**Exercise directions**
What is needed is an exact copy of the lines in the entries below from the one holding "Used 2019 Toyota" through the one holding "Flora Martínez Instagram", pictures excluded.

**Material shown**
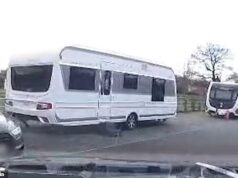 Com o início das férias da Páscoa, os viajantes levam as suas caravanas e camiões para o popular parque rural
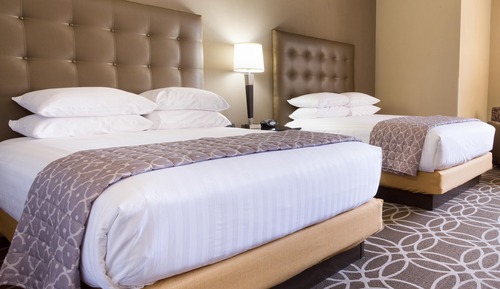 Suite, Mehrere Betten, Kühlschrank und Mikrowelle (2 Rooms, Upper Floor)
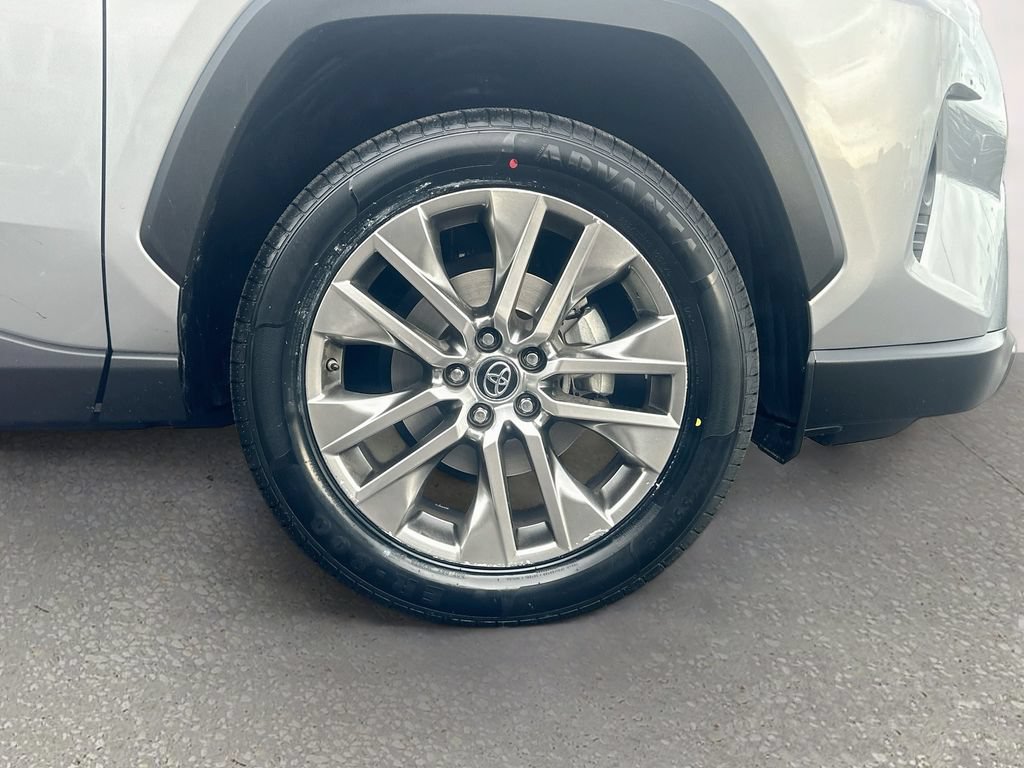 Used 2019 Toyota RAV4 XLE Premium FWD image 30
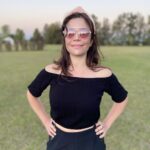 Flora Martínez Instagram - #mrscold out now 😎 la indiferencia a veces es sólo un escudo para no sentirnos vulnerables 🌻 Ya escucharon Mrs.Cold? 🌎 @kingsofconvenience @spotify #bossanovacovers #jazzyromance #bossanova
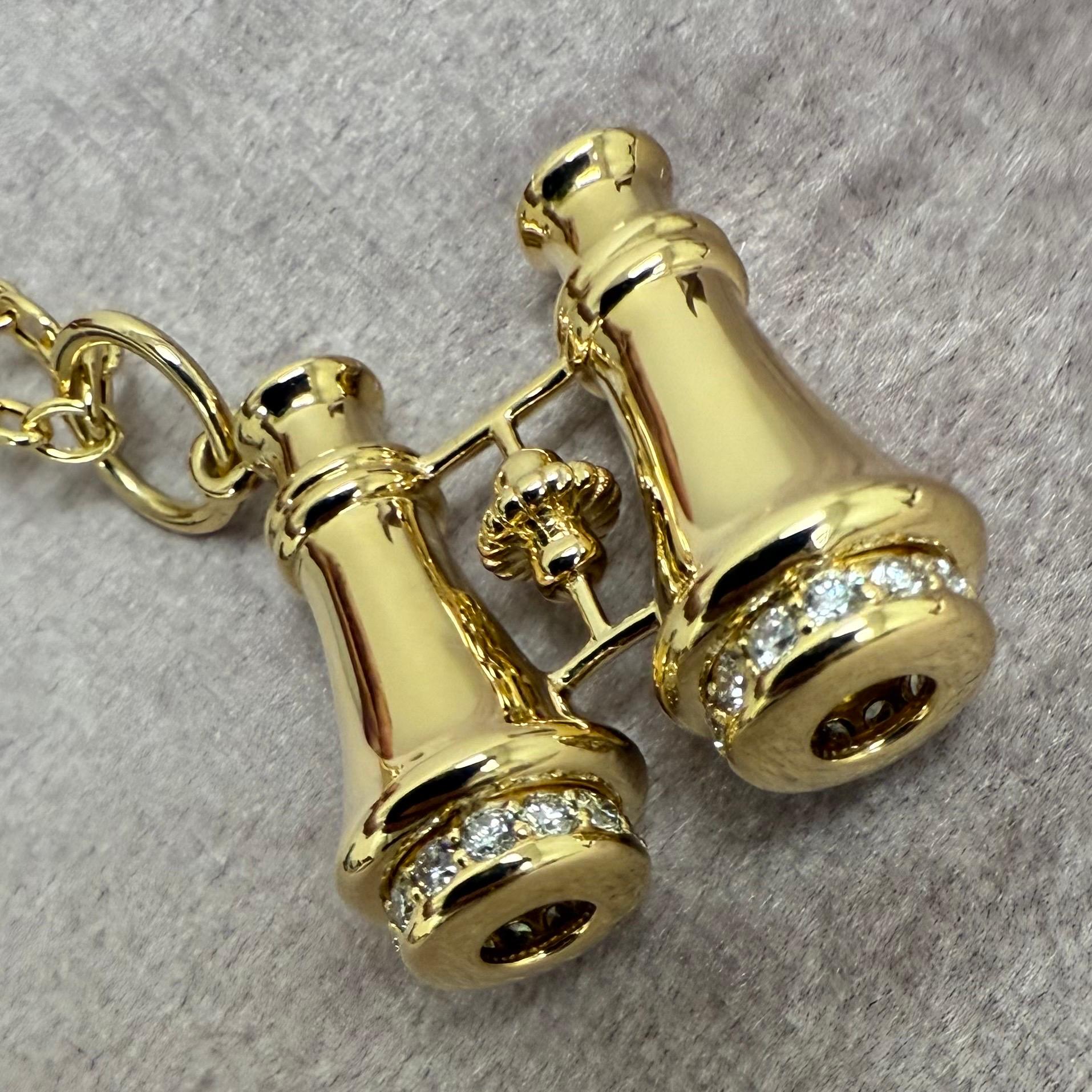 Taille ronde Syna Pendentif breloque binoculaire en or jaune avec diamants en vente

---

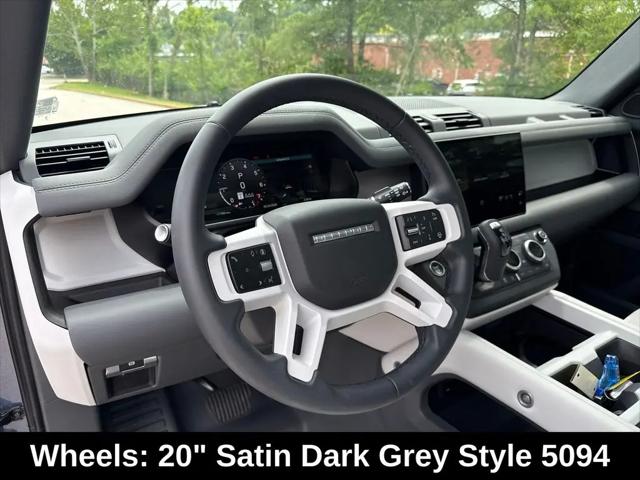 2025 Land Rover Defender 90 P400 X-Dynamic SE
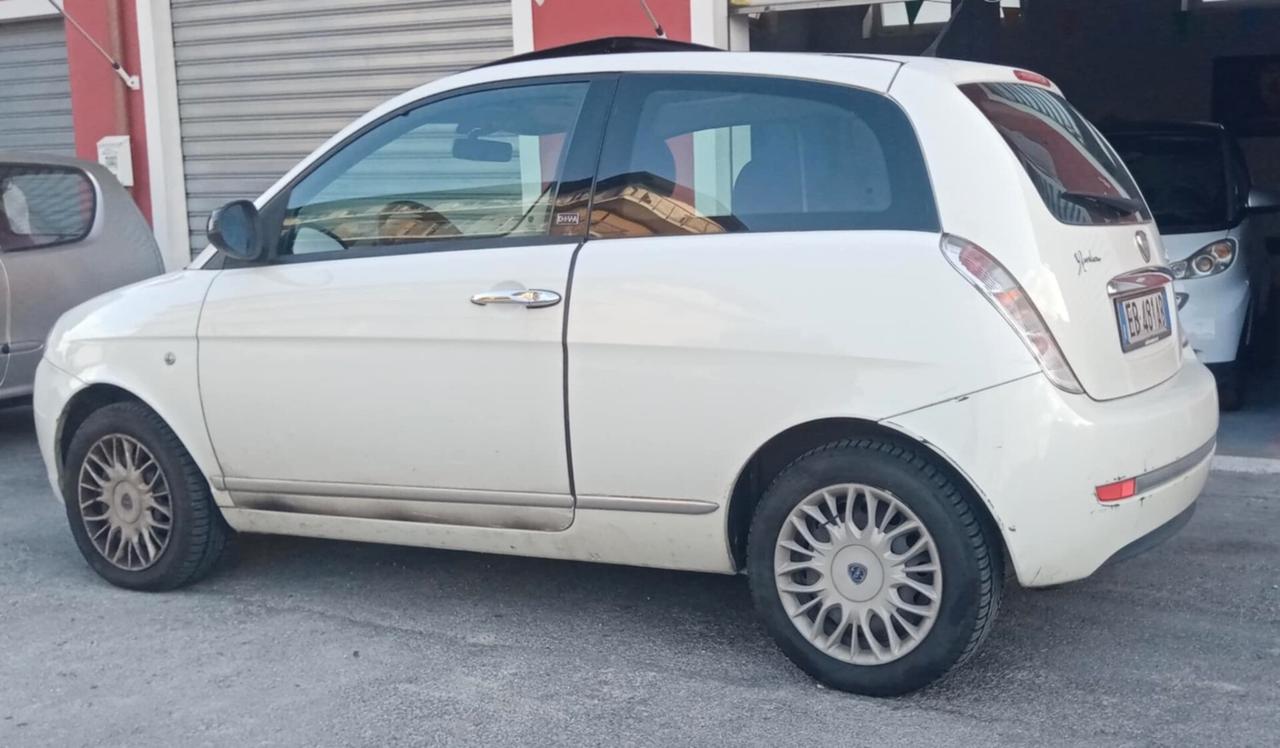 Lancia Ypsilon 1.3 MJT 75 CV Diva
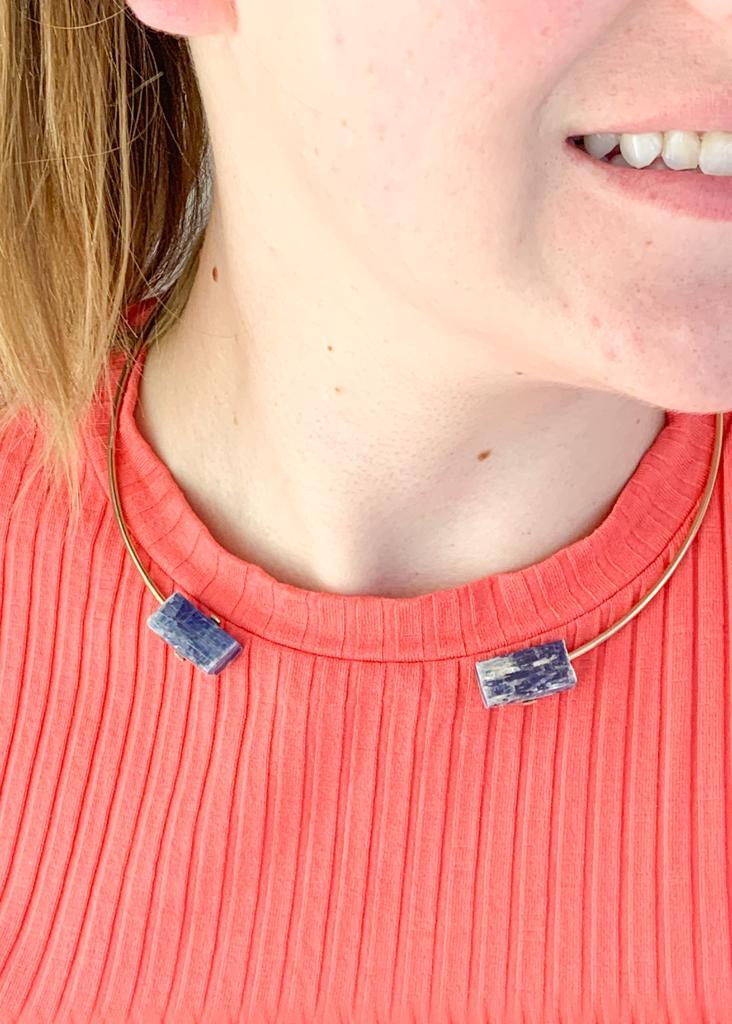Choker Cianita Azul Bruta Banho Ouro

--

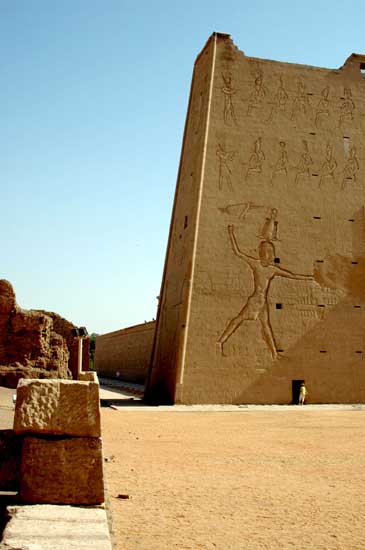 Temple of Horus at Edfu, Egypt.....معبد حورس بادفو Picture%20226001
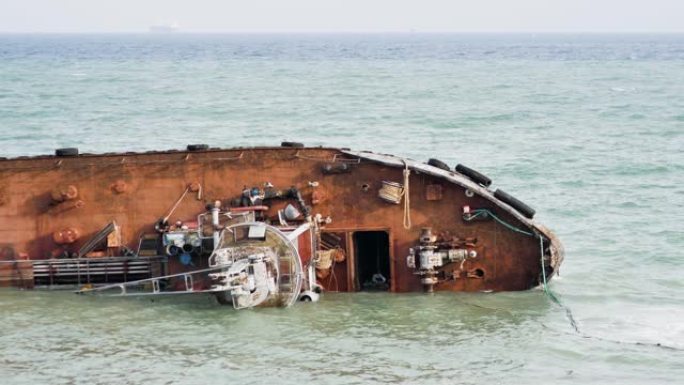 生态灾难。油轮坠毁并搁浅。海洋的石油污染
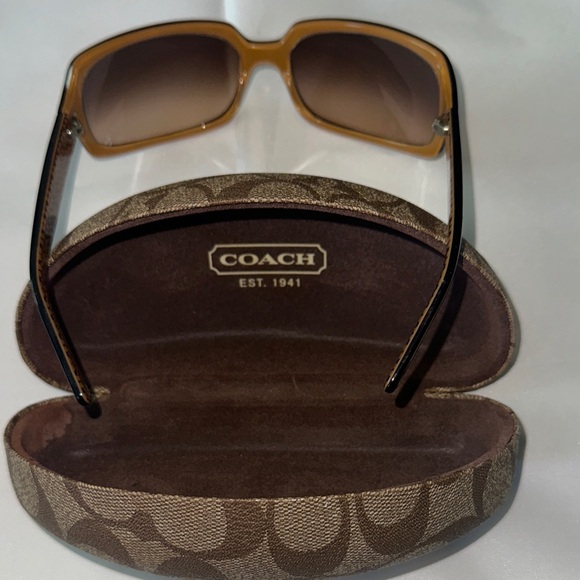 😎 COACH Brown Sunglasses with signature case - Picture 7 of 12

**Written answer**
 Used 2019 Toyota RAV4 XLE Premium FWD image 30
 Flora Martínez Instagram - #mrscold out now 😎 la indiferencia a veces es sólo un escudo para no sentirnos vulnerables 🌻 Ya escucharon Mrs.Cold? 🌎 @kingsofconvenience @spotify #bossanovacovers #jazzyromance #bossanova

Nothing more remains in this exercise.